Все ключевые события с февраля по октябрь 1917 года неоспоримо доказывают, что Россией в те злосчастные месяцы правил не разум, не воля, а только личные амбиции руководителей двух ветвей власти. А когда политические силы тащат страну в разные стороны, неизбежно, как черт из табакерки, выскакивает нечто третье и с легкостью перехватывает властную ини-циативу.

Неопределенность положения становилась на самом деле все тревожнее. Сразу после июльских событий в Петрограде многие общественные организации рекомендовали Временному правительству отказаться от созыва Учредительного собрания и ввести в стране военное положение, ибо невооруженным глазом было видно, что демократия без реального управления страной привела лишь к стихийной активизации масс, к “психозу” общества.

Пора было выбирать: либо диктатура буржуазии, либо – пролетариата. А.Ф. Керенский не оценил судьбоносное значение этой дилеммы, зато ее прекрасно понял Ленин [309]. 18 октября 1917 г. В.И. Вернадский заносит в дневник отчаянные слова: “Сейчас время людей воли. Их жаждут”. (Курсив мой. – С.Р.). Через неделю после переворота еще одна запись: “Невозможное становится возможным, и развертывается небывалая в истории катастрофа или м[ожет] б[ыть], новое мировое явление. И в нем чувствуешь себя бессильной былинкой… В Москве массы за большевиков” [310].

Петроград в обывательской среде сразу нарекли «Хам-бургом», в нем началась новая, невиданная ранее жизнь.

В конце 1917 года многие, прежде всего интеллигенция, поражались легкости, с какой большевики перехватили власть у Временного правительства. Создавалось впечатление своеобразного эстафетного бега, когда бежавшая на первом этапе команда Временного правительства просто передала «эстафету власти» уже ожидавшей этого команде Ленина. Однако удивляться тут нечему: «легкость» Октября предопределил настрой российского населения (в первую очередь, в обеих столицах), а высветили его выборы в долгожданное Учредительное собрание.

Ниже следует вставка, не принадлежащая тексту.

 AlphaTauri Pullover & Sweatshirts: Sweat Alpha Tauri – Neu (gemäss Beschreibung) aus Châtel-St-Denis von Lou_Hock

Надо сказать, что идея «Учредиловки» была своеобразной id?e fixe демократической интеллигенции, с его помощью мыслился переход от абсолютизма к демократии. Это был единственный лигитимный путь, а потому на него встали все радикальные партии – от кадетов до большевиков. Однако поскольку самодержавие в начале марта 1917 года уже пало, то созыв затем Учредительного собрания создавал лишь иллюзию лигитимности, а после Октября оно вообще потеряло всякий реальный смысл. (По свидетельству В.Д. Бонч-Бруевича, Ленин в начале 1918 г. назвал “глупостью” обещание большевиков созвать Учредительное собрание [311]. Это, конечно, была не глупость, а цинизм практической политики).

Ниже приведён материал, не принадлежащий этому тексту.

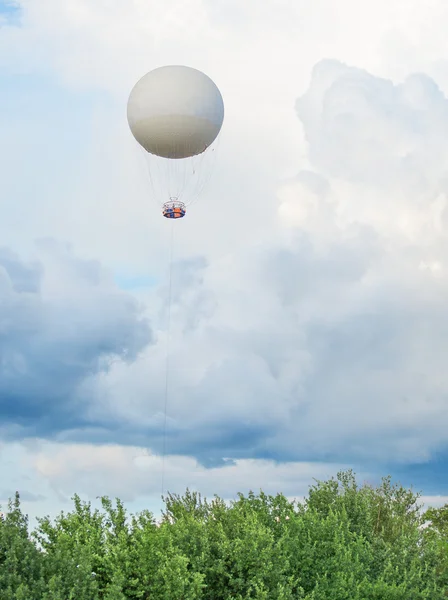 Vastgebonden aerostat de ballon. plaats voor tekst. — Stockfoto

Большевики – и Ленин прежде всего – оказались непревзойденными популистами. Причем они отчетливо сознавали лживость своих обещаний, а потому их популизм был наглым политическим цинизмом, который И.А. Бунин в «Окаянных днях» весьма метко назвал “издевательством над чернью”. Но если бы большевики только расточали на митингах и в прессе желаемые толпой блага, они бы моментально обанкротились, как только обнажилось бы их самое первое вранье. Поэтому априорную ложь они намертво соединили со все возраставшим насилием, когда уже никто не решался напомнить большевикам об их медоточивых речах времен сентября – октября 1917 г.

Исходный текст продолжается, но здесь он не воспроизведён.